Extracted entries section start

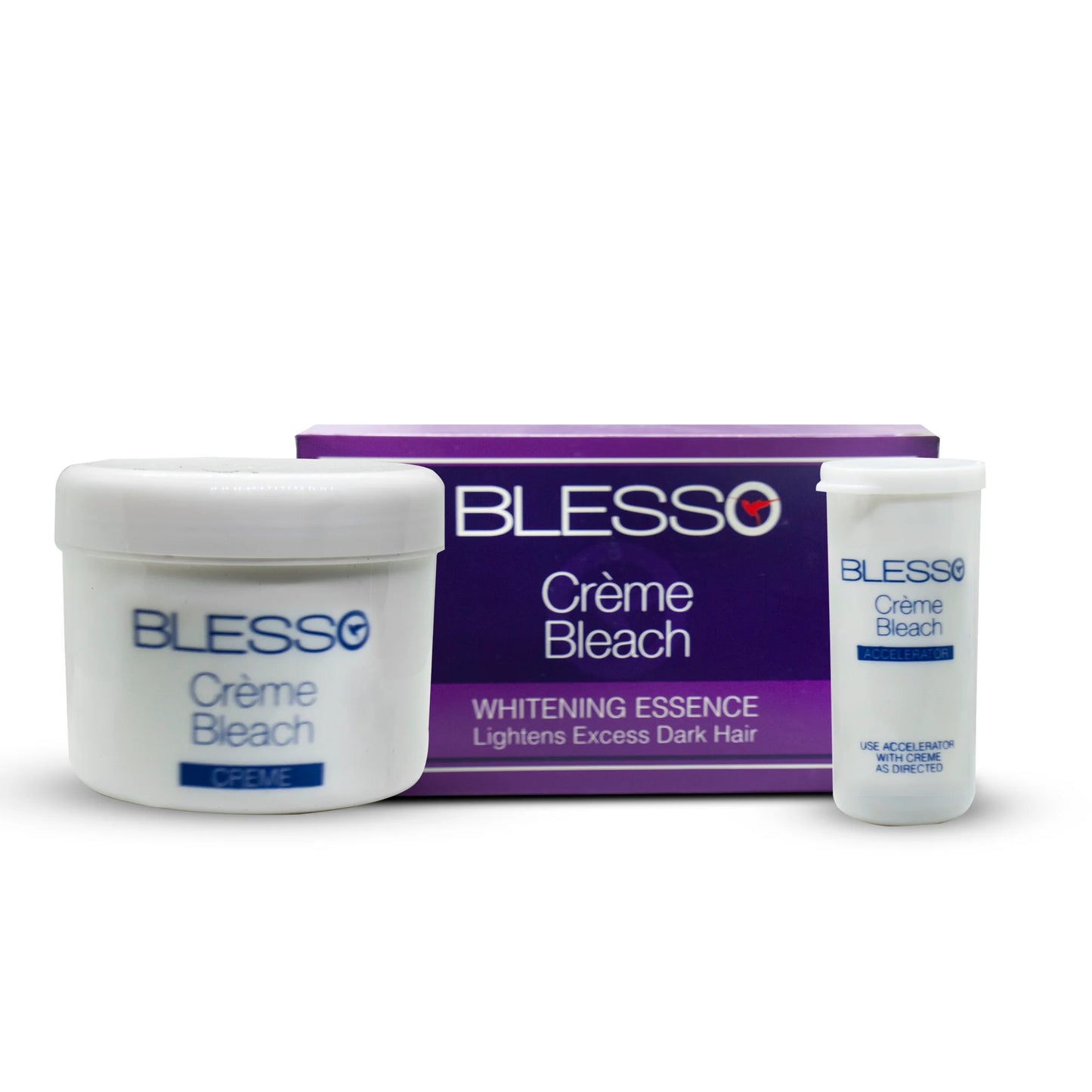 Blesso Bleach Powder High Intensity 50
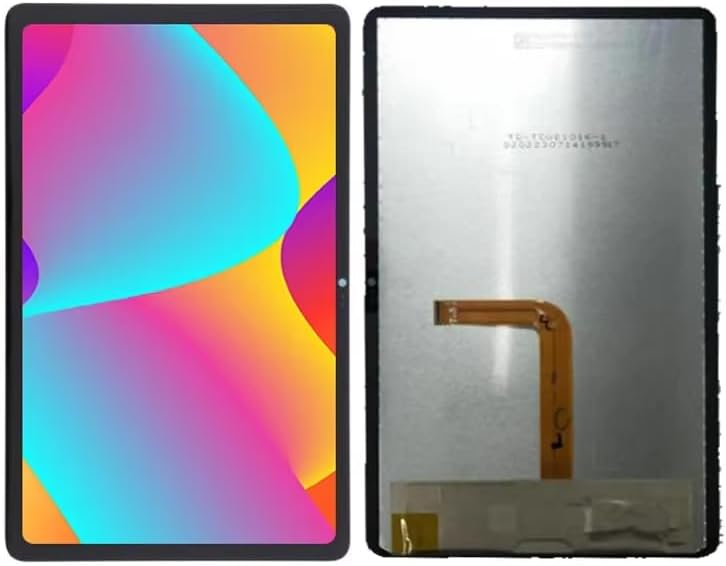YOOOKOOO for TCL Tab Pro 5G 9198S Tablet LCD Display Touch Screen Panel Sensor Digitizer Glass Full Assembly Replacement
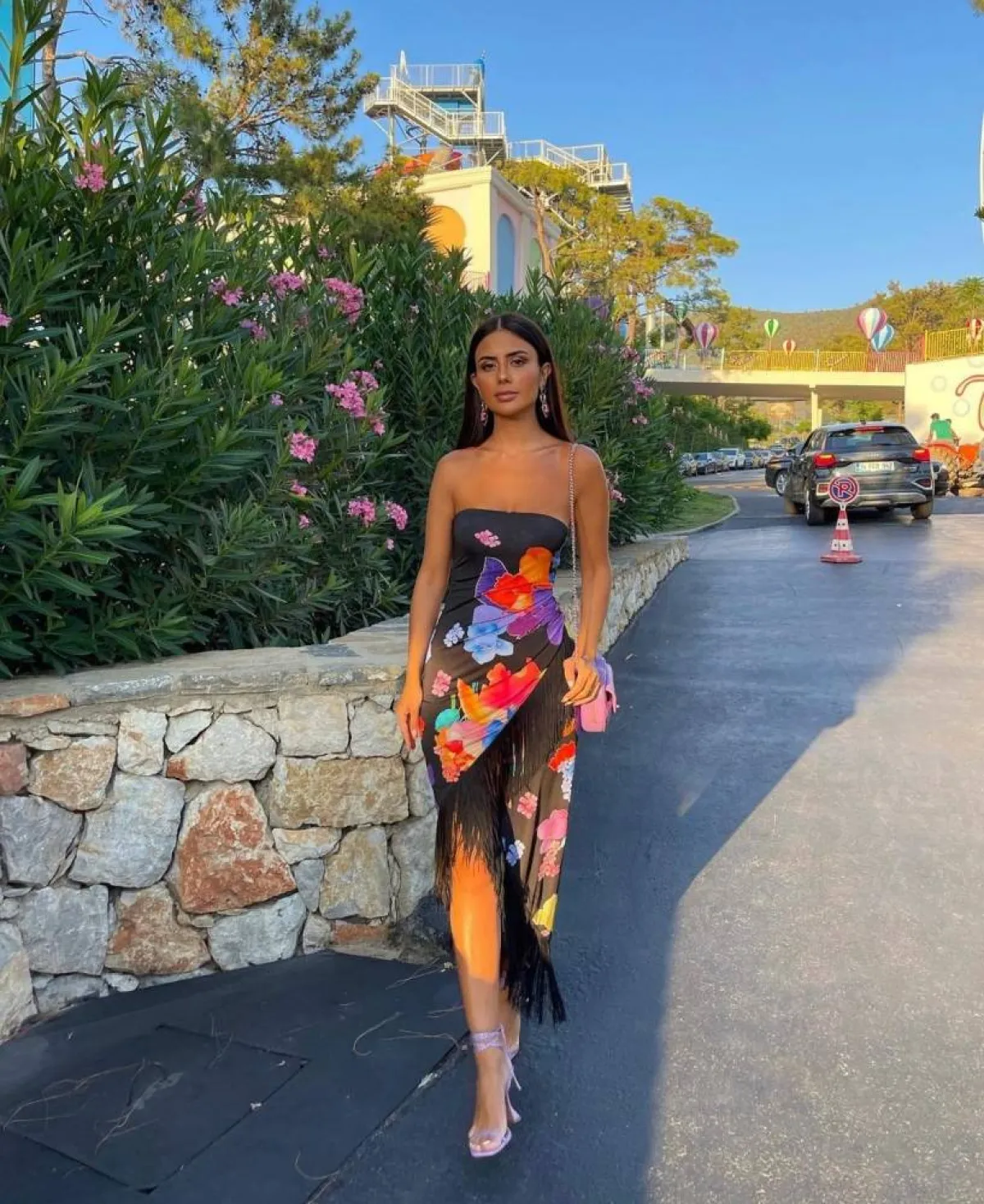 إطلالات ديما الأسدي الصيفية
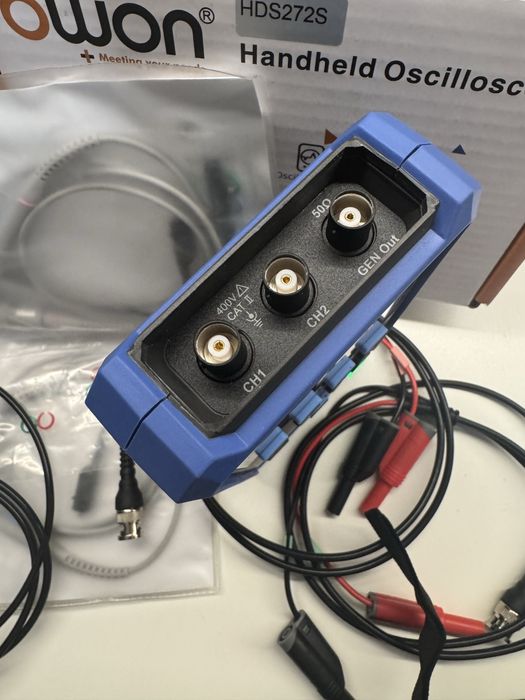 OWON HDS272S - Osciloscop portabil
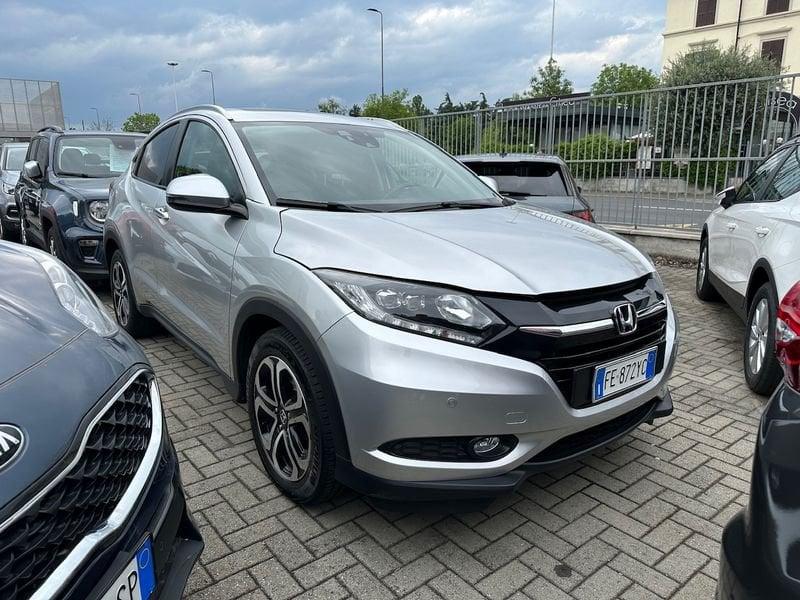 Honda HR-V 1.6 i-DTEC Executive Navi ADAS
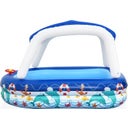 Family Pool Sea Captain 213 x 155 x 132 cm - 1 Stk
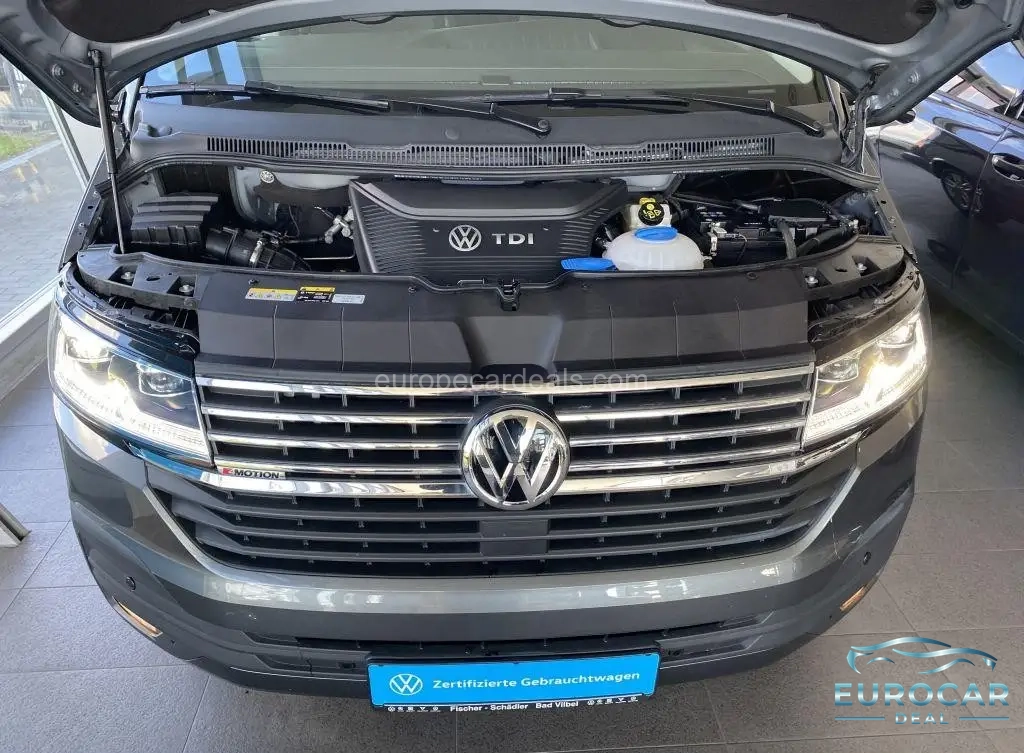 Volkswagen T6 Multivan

Extracted entries section end
Extracted entries section start

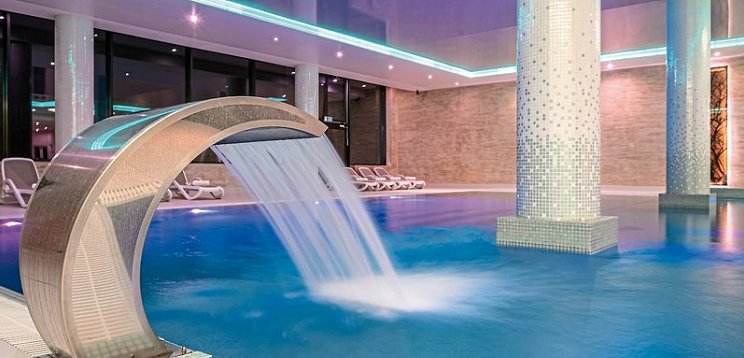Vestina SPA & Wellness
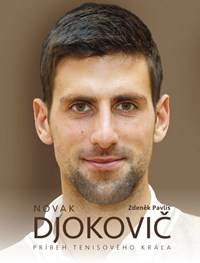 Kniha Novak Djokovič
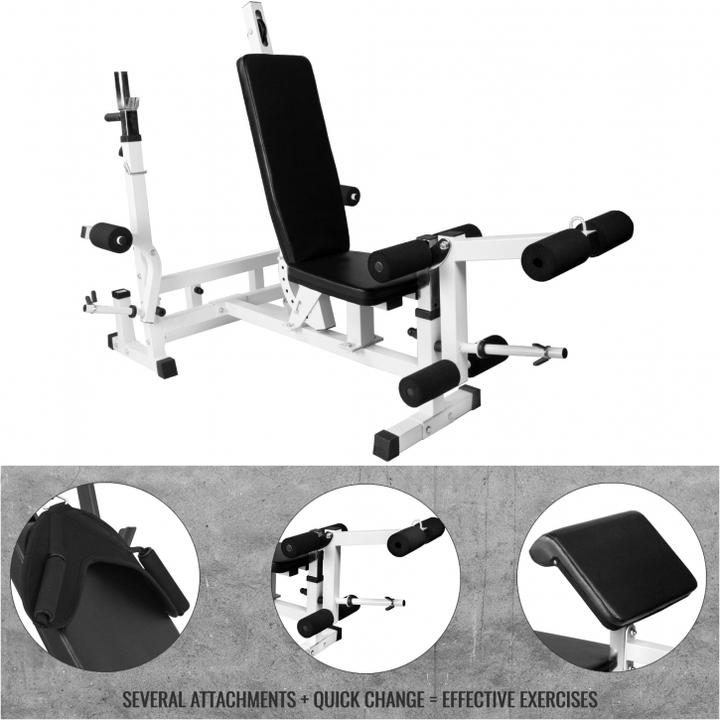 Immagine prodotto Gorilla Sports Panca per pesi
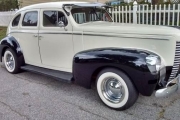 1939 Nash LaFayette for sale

Extracted entries section end

» **Required work**
Above this task is a listing with pictures in it. Retype only the lines from the one containing "Kniha Novak Djokovič" through the one containing "1939 Nash LaFayette for sale", both included, and not the pictures.

» **Result**
 Kniha Novak Djokovič
 Immagine prodotto Gorilla Sports Panca per pesi
 1939 Nash LaFayette for sale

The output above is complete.